Finding Founder-Startup-Fit is a challenge because we desire someone who falls in love with our idea, wants to support the dream, and is willing to contribute usually a technical or operational skill that we lack in a big way (and without asking for a paycheck anytime soon).

But are Co-founders even worth it?

In many respects yes, but at what point in time? If you find someone too early, do they boo-hoo your big idea and suggest another? If you wait too late, and delay deployment, do you miss the market opportunity?

Does the perfect Co-Founder even exist? 

If we pick the wrong person, our startup might be doomed. We’ve all heard horror stories of founder quarrels, break-ups over equity dilution, and even corporate implosion vis-a-vis differing opinions that led to poor execution and ultimately dissolution.

There seems to again be an addiction by entrepreneurs for peer validation of our ideas, “If I find a Co-founder that likes my idea so much that they want to take equity and work on it for a few months, then the idea is worth pursuing. Horay!”

The issue with this is that it further fuels our desire for external validation and congruence in order to sign off on our ability to pursue our own startup ideas. Yes, the journey is long, tiresome and disheartening — and a co-founder can comfort you — but you’ve got to get out on the actual trail before you ask someone to go hike up the mountain with you. For all you know, they might give up on the first plateau. 


4. When should I raise money? 

Ah, the age ‘ol question – “How do you build a product with no money, but how do you raise money with no product?”

It’s the quintessential chicken or the egg question that leaves founders dumbfounded and in an entrepreneurial conundrum – do they spend 3-12 months trying to raise capital for an idea, or do they spend that time trying to build a product to see if the world wants it?

I favor the latter, but call me old fashioned — if there ain’t no market, you either have none or will have to build one from scratch.

Again, instead of focusing on raising customers, the focus is back to raising capital.
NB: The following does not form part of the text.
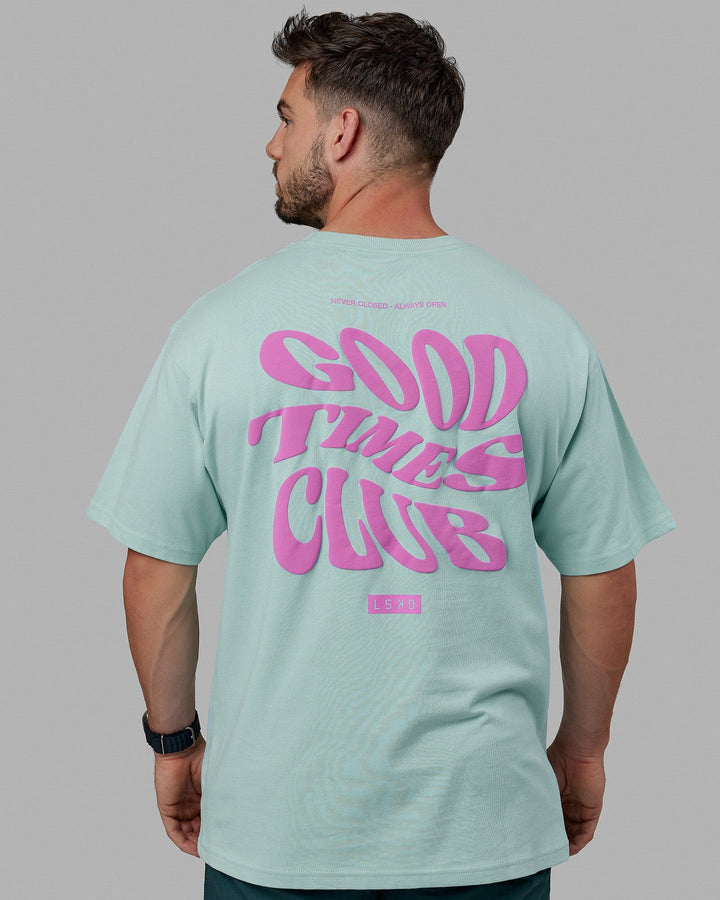Man wearing Unisex Good Times Heavyweight Tee Oversize - Pastel Turquoise-Spark Pink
I just don’t get the desire for rocket fuel before you know if the engine even starts. Imagine if you never needed to raise any money, and you could never get voted out of your own company, you never had to report to any board member, and you had limitless amount of time and cash to do what you wanted to do with your business? Wouldn’t that be grand?

For many first time founders, the dream is the raise.

VC is a means to an end, not an end to a means. But the culture around the raise has become the ultimate tip of the hat in our approval-driven race for validation. The only approval that truly matters is from customers, but it’s not cool to say you grossed $3m, but a Series-A? #Winning 


5. Should I build the product myself or outsource? 

I get this question, but it always baffles me as to how many entrepreneurs try to build a company in a space they have no talent in.

If you’re a non-technical person, you’ll clearly either need a technical co-founder or capital to hire technical people. If you’re someone who has no idea how to cook, why would you start a restaurant? Because you enjoy eating? I do too, but that’s like saying, “I love how AirBnB works but I have no ability to build that, but I want to build the next AirBnB for houseboat rentals because I love being on the lake.”

Yes, if you have plenty of money to throw around, there are many developers who will line up to take your money and can build you your dream. But if the success of your idea for a company were as easy as writing a check to an IT dev team in name a country other than where you are today, why hasn’t anyone pursued this same idea and proven a market for it? Is something missing besides the physical development of it?

Often we have a Field of Dreams outlook — “it we build it, they will come” — approach to product design and deployment.

Most founders fail to realize that the equation to startup success looks a lot more like 20% product build, 80% marketing the hell out of it, and 100% more guessing what to do next.

If you’re spending all of your team hemming and hawing on how you should build the darn thing, you’re focusing on the wrong thing! You should be focusing on who the heck is going to pay you for this thing once it’s done? And how can you guarantee that they will?

Looking forward to helping Founders see clearly in 2020!